Omit the pictures from the listing below and print every remaining entry verbatim.
== Extracted information ==
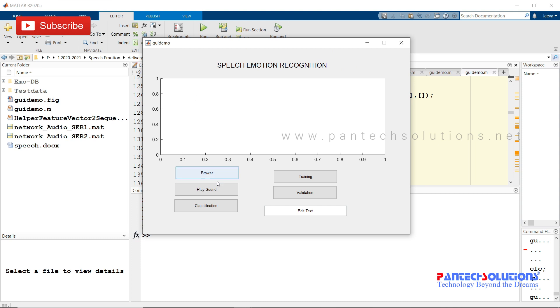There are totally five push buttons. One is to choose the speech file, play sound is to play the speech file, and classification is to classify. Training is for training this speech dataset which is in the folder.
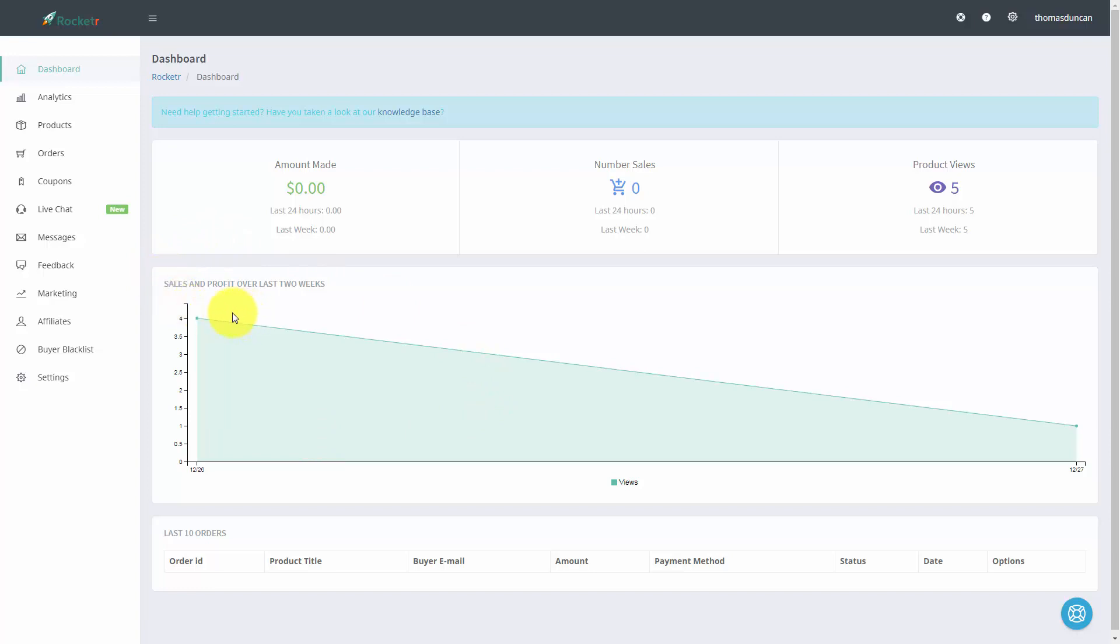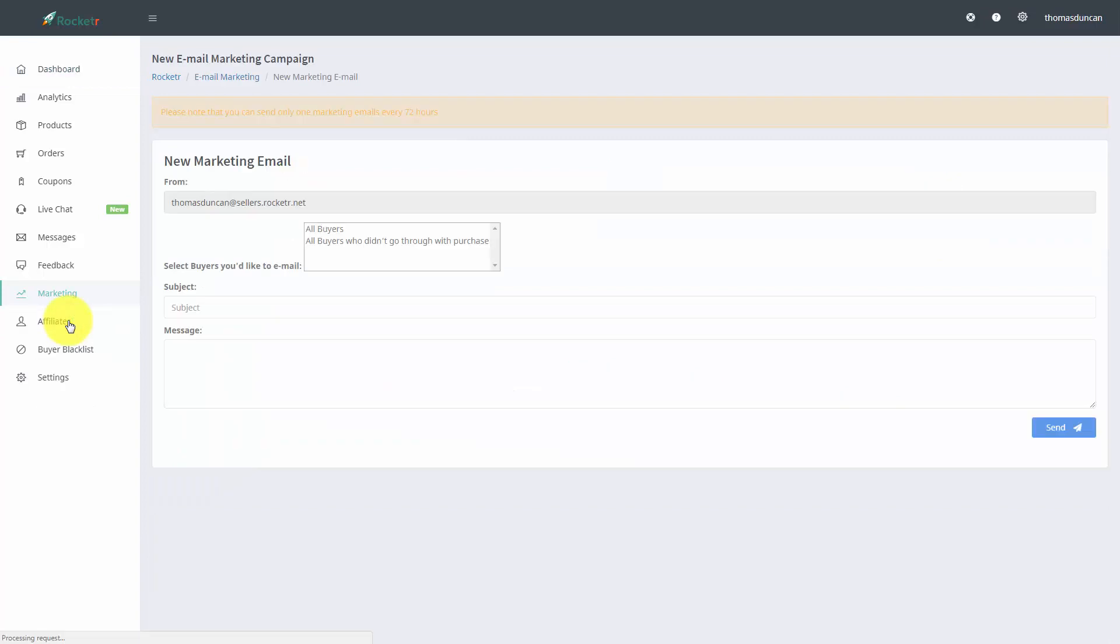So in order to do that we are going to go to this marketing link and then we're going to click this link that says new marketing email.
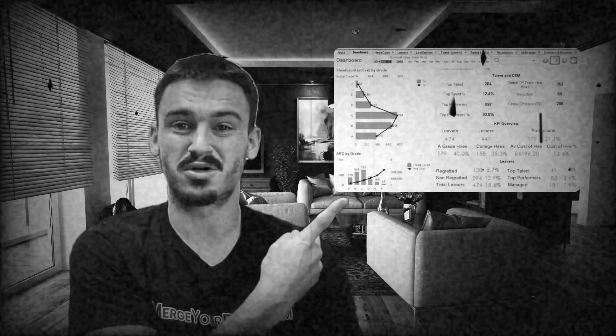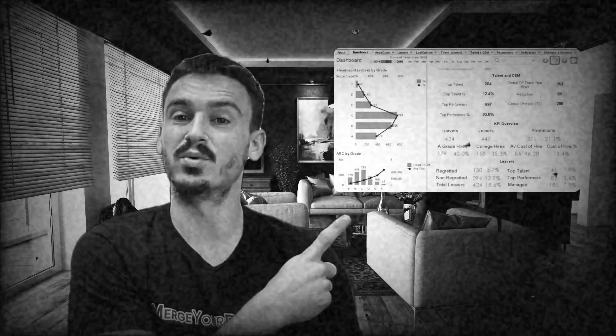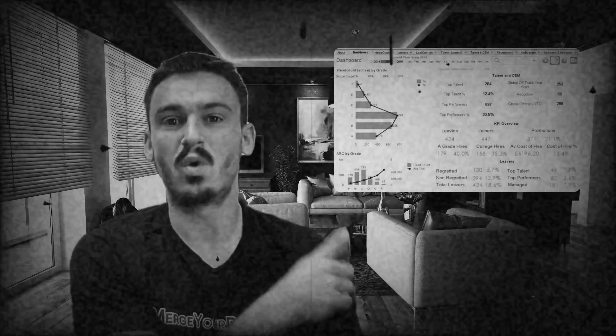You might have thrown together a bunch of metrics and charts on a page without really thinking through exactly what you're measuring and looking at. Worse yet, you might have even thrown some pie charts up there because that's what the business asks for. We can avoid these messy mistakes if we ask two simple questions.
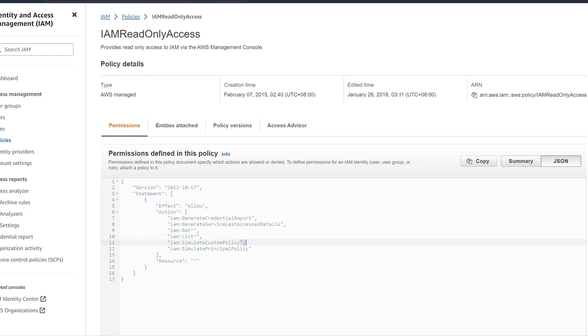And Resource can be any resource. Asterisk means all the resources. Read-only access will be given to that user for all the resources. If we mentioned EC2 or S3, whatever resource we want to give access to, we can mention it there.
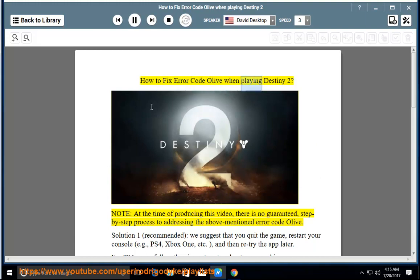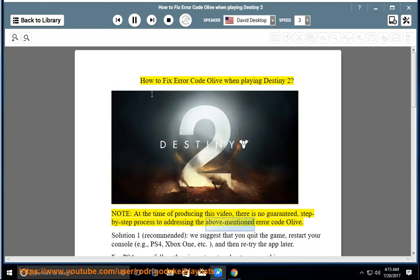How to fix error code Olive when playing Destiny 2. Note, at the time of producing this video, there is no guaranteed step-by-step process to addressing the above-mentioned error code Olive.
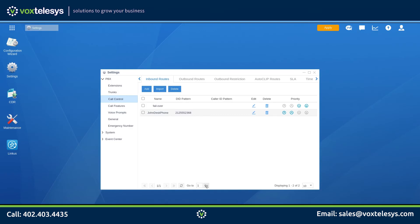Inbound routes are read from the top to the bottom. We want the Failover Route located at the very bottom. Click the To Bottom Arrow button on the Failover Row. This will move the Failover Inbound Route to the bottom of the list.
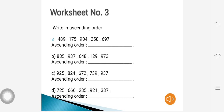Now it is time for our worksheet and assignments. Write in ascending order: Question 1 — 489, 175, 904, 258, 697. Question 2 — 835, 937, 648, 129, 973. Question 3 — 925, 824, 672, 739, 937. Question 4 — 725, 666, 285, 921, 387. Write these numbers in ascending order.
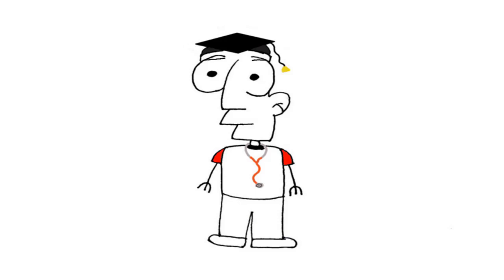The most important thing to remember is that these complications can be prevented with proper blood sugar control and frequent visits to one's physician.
===
**Exercise output**:
There are totally five push buttons. One is to choose the speech file, play sound is to play the speech file, and classification is to classify. Training is for training this speech dataset which is in the folder.
So in order to do that we are going to go to this marketing link and then we're going to click this link that says new marketing email.
You might have thrown together a bunch of metrics and charts on a page without really thinking through exactly what you're measuring and looking at. Worse yet, you might have even thrown some pie charts up there because that's what the business asks for. We can avoid these messy mistakes if we ask two simple questions.
And Resource can be any resource. Asterisk means all the resources. Read-only access will be given to that user for all the resources. If we mentioned EC2 or S3, whatever resource we want to give access to, we can mention it there.
How to fix error code Olive when playing Destiny 2. Note, at the time of producing this video, there is no guaranteed step-by-step process to addressing the above-mentioned error code Olive.
Inbound routes are read from the top to the bottom. We want the Failover Route located at the very bottom. Click the To Bottom Arrow button on the Failover Row. This will move the Failover Inbound Route to the bottom of the list.
Now it is time for our worksheet and assignments. Write in ascending order: Question 1 — 489, 175, 904, 258, 697. Question 2 — 835, 937, 648, 129, 973. Question 3 — 925, 824, 672, 739, 937. Question 4 — 725, 666, 285, 921, 387. Write these numbers in ascending order.
The most important thing to remember is that these complications can be prevented with proper blood sugar control and frequent visits to one's physician.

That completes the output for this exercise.